Share prices of the big four have largely recovered from the depths plumbed earlier this year when the Royal Commission released its final report. Despite this, remediation programs are ongoing and in some cases may take years to conclude.
NAB is currently trading at $27.86, up 21% from a low of $22.84 in December. CBA is up nearly 13% from December lows to $78.07. ANZ is up 11.3% over 2019 to $26.04, while Westpac is up 14% to $27.17.
In the current low rate environment, shares with decent yields can be particularly appealing. The opportunity to potentially also book some capital growth can be considered a bonus, but is not guaranteed. It also comes the possibility of capital loss.
The incoming Open Banking regime will make it easier for customers to switch banking providers, threatening the dominance of the big four. Neobanks and online lenders have emerged to compete with the ANZ, CBA, NAB, and Westpac alongside the smaller banks and credit unions.
Customers who have become disillusioned with mainstream financial services providers may choose to embrace the opportunity enabled by Open Banking. This could result in an increase in the customer base of the alternative financial services providers at the expense of the majors.
The new regime is designed to give customers ‘ownership’ of their data, allowing them to share it with accredited parties such as other financial institutions.

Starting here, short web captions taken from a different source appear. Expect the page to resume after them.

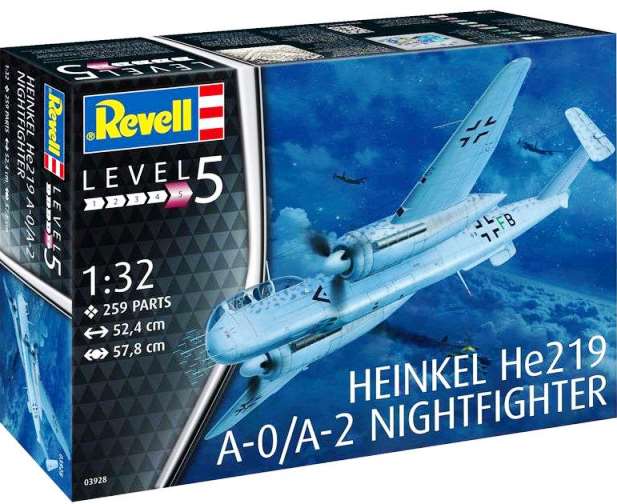 Сборная модель 03928 Revell Немецкий ночной истребитель Heinkel He219 A-0 Nightfighter 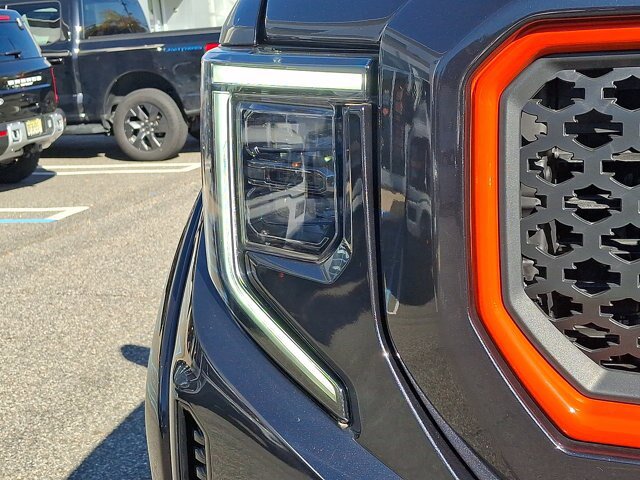 Used 2023 GMC Sierra 1500 AT4 w/ AT4 Premium Package AWD/4WD image 20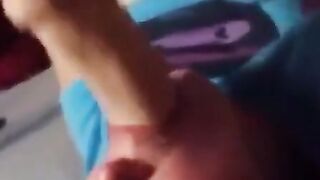 Solo Girl Masturbates on Camera
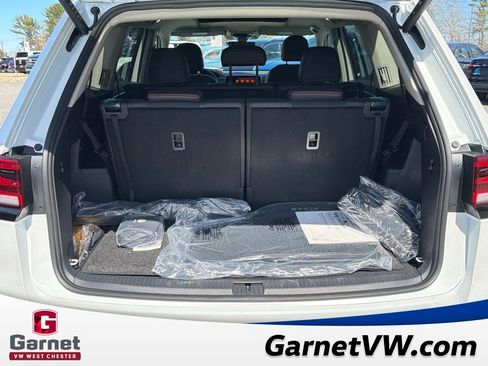 New 2026 Volkswagen Atlas Peak Edition image 18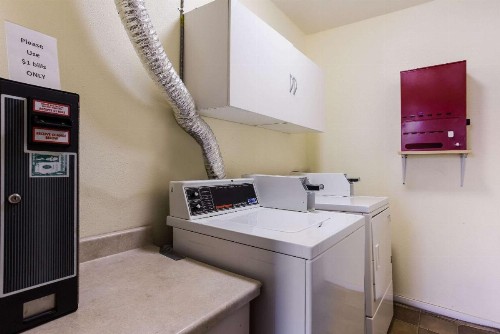 Quality Inn Airport - image 24
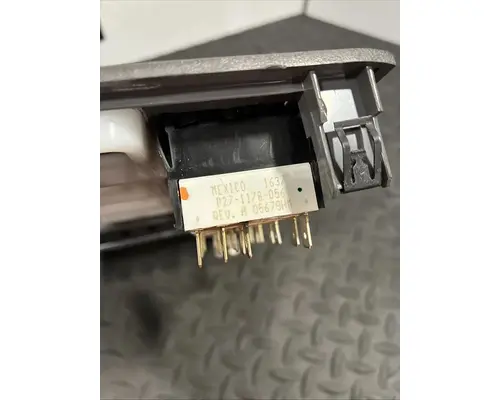 PETERBILT 579 Switch, misc 
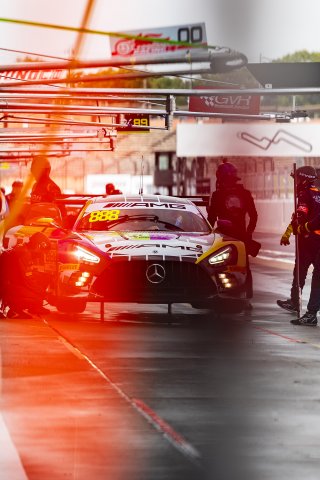 49th SUZUKA 1000km - Intercontinental GT Challenge Round 4 - Foto: Gruppe C Photography; #888 Mercedes-AMG GT3 EVO, Mercedes-AMG Team GMR: Mikael Grenier, Maxime Martin, Luca Stolz
 | Gruppe C GmbH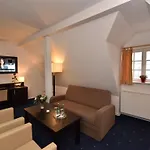מלון Weinhaus Woehler 3*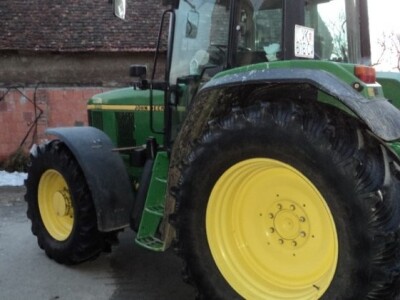 John Deere 6910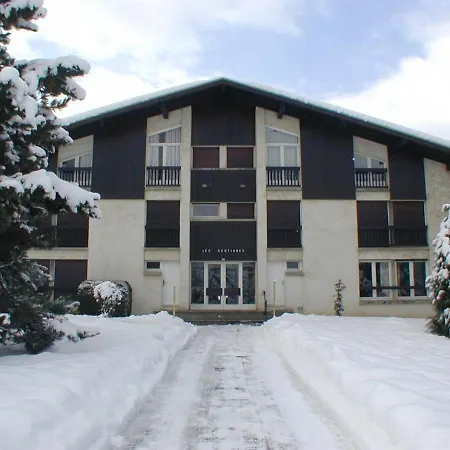 2 Avec Balcon, Parking, Piscine Et Wi-fi Pres Du Centre De - Fr-1-453-175 Apartment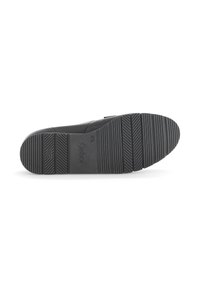 Zwarte rubberen schoenen zool met een gestructureerd, geribbeld patroon voor grip, met een zijbranding die op het oppervlak is geperst.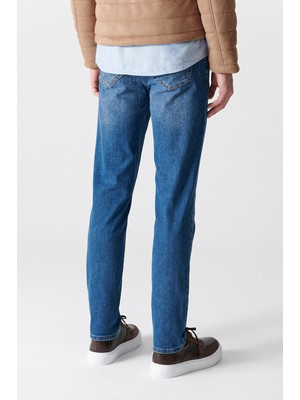 Avva Erkek Mavi Eskitme Yıkamalı Likralı Slim Fit Jean Pantolon E003521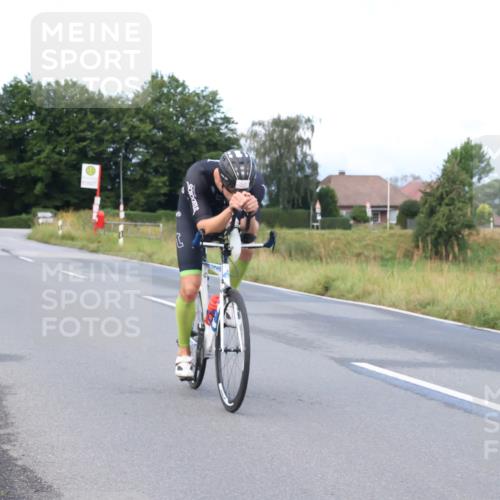 25.08.2024 - Elbe Triathlon Hamburg Fuchs,  Jonas http://msf.ph/oto/6834170 25.08.2024 08:38:51 Radfahren 37 meine-sportfotos.de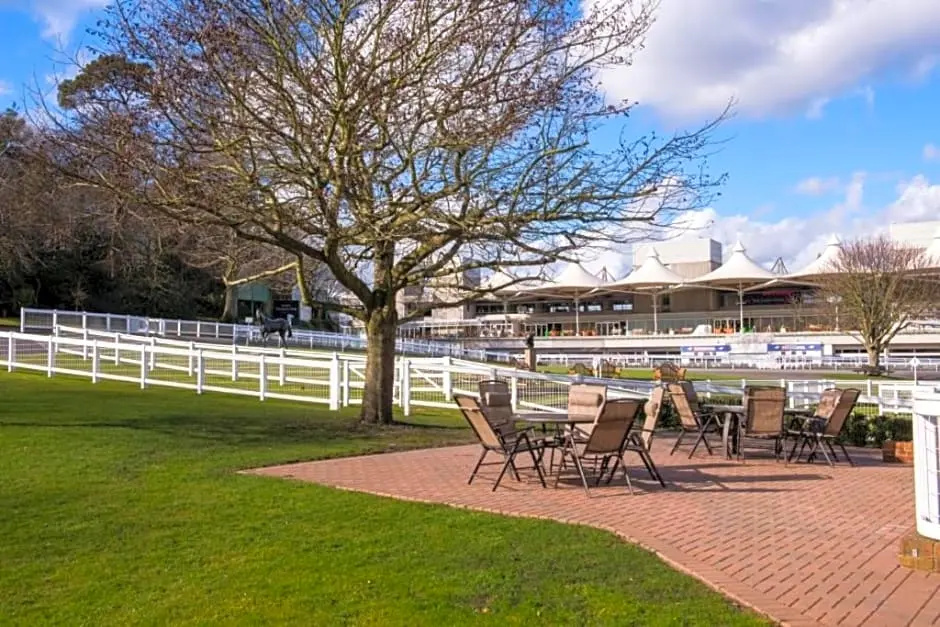 Sandown Park Lodge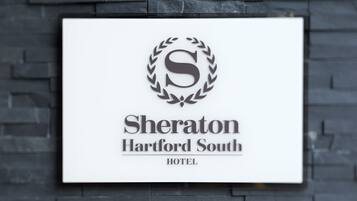 Señal del hotel Sheraton Hartford South con un logotipo de laurel.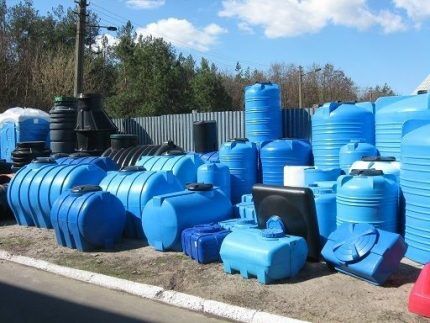 Plastic tanks of different sizes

Open Banking has the potential to shift the balance of power in the banking industry, allowing smaller and more nimble competitors to gain market share.
At the same time, Australia is facing into slowing economic growth with stubborn unemployment. The Reserve Bank of Australia has been cutting interest rates in a bid to face off looming recession. Both federal and state governments are investing in infrastructure spending to stimulate the economy.
Bad debts are not currently significant for the big banks, however were economic conditions to deteriorate this could change. An increase in arrears and defaults would impact directly on banks’ bottom lines. The decrease in borrowing associated with a recession would also negatively impact profits, leaving less to be distributed to shareholders.
Credit growth has been slower than the banks would like. Credit recorded its lowest annual growth since records began in August, the latest month for which records are available. Credit growth is considered a key driver of economic growth as it allows business to invest as required to enable growth.
Can the dividends continue?
The question is whether bank profits and thus dividends can continue in the face of these increased pressures. Payout ratios on the big four banks are around 70-75%, and will come under pressure if profits decline. Investors also face the risk of capital losses if share prices decline in the face of the aforementioned factors.
Some challenges, such as the broader economic environment, are largely beyond the control of ANZ, CBA, NAB, and Westpac. What the major banks can control is their response to the regulatory and remediation challenges they are faced with.
For years the big four banks have been a reliable source of dividends. The past couple of years have been difficult, however, resulting in stock price turbulence, profit hits, and now dividend cuts.